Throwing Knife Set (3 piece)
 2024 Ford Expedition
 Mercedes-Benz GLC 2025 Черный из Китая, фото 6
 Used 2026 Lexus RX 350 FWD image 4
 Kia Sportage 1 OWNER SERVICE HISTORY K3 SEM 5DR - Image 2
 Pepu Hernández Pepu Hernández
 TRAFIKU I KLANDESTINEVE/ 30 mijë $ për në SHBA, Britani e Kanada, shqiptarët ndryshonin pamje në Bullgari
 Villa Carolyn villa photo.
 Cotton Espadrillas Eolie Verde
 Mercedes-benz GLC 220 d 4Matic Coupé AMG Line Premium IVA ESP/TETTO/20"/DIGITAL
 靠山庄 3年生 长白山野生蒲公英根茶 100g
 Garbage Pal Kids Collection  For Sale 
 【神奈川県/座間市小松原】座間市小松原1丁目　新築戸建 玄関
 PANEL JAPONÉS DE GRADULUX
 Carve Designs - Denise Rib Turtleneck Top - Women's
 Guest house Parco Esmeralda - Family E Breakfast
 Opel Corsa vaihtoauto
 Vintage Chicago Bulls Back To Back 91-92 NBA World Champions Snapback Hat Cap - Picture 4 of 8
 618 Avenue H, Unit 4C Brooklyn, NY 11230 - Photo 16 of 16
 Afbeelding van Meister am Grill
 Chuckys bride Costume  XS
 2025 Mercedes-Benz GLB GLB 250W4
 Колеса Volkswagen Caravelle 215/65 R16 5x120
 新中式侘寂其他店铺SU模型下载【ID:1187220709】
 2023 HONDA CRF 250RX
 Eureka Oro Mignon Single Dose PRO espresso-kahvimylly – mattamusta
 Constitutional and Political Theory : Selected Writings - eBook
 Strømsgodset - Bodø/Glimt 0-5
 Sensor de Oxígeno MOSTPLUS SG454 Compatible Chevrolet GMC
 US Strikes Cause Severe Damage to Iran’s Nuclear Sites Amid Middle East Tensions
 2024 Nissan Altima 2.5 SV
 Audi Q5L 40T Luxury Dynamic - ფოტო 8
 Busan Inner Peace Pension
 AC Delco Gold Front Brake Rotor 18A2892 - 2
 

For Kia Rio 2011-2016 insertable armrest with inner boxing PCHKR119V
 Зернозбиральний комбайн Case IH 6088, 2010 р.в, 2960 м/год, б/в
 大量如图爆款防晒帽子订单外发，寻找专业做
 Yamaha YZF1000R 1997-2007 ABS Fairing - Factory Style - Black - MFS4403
════════
**Action item**
Output the lines above exactly, but only those between the line holding "Kia Sportage 1" and the line holding "Strømsgodset - Bodø/Glimt 0-5", inclusive.

**Answer to this task**
 Kia Sportage 1 OWNER SERVICE HISTORY K3 SEM 5DR - Image 2
 Pepu Hernández Pepu Hernández
 TRAFIKU I KLANDESTINEVE/ 30 mijë $ për në SHBA, Britani e Kanada, shqiptarët ndryshonin pamje në Bullgari
 Villa Carolyn villa photo.
 Cotton Espadrillas Eolie Verde
 Mercedes-benz GLC 220 d 4Matic Coupé AMG Line Premium IVA ESP/TETTO/20"/DIGITAL
 靠山庄 3年生 长白山野生蒲公英根茶 100g
 Garbage Pal Kids Collection  For Sale 
 【神奈川県/座間市小松原】座間市小松原1丁目　新築戸建 玄関
 PANEL JAPONÉS DE GRADULUX
 Carve Designs - Denise Rib Turtleneck Top - Women's
 Guest house Parco Esmeralda - Family E Breakfast
 Opel Corsa vaihtoauto
 Vintage Chicago Bulls Back To Back 91-92 NBA World Champions Snapback Hat Cap - Picture 4 of 8
 618 Avenue H, Unit 4C Brooklyn, NY 11230 - Photo 16 of 16
 Afbeelding van Meister am Grill
 Chuckys bride Costume  XS
 2025 Mercedes-Benz GLB GLB 250W4
 Колеса Volkswagen Caravelle 215/65 R16 5x120
 新中式侘寂其他店铺SU模型下载【ID:1187220709】
 2023 HONDA CRF 250RX
 Eureka Oro Mignon Single Dose PRO espresso-kahvimylly – mattamusta
 Constitutional and Political Theory : Selected Writings - eBook
 Strømsgodset - Bodø/Glimt 0-5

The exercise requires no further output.